A ce climat familial délétère, propice aux rumeurs, se mêla la fatalité : du 22 août 1938 au 9 juillet 1945, dix morts se succédèrent, dont le père de Marie. Les Bernard, eux, furent décimés. Un couple d’amis disparut, les Rivet, lui, en 1939, et elle, en 1941, alors qu’elle venait de céder sa maison en viager aux Besnard et de faire de Marie sa légataire universelle.
Mais entre les âges très avancés pour l’époque des uns, les maladies avérées des autres, et un suicide, les causes naturelles de ces trépas ne furent pas mises en doute jusqu’à la mort de Léon, le 27 octobre 1947.

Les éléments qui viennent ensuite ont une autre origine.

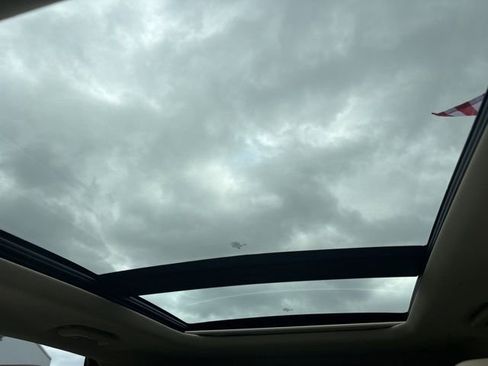 Certified 2024 Ford Edge SEL w/ Convenience Package AWD/4WD image 4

Après, en compagnie d’un ami, avoir ingéré un repas préparé par Marie, Léon expira malgré les soins des médecins à son chevet qui diagnostiquèrent une grave crise d’urémie.
Et quand, lors d’une épidémie de grippe, la vieille mère de Marie rejoignit la tombe en janvier 1949, l’atmosphère à Loudun devint irrespirable.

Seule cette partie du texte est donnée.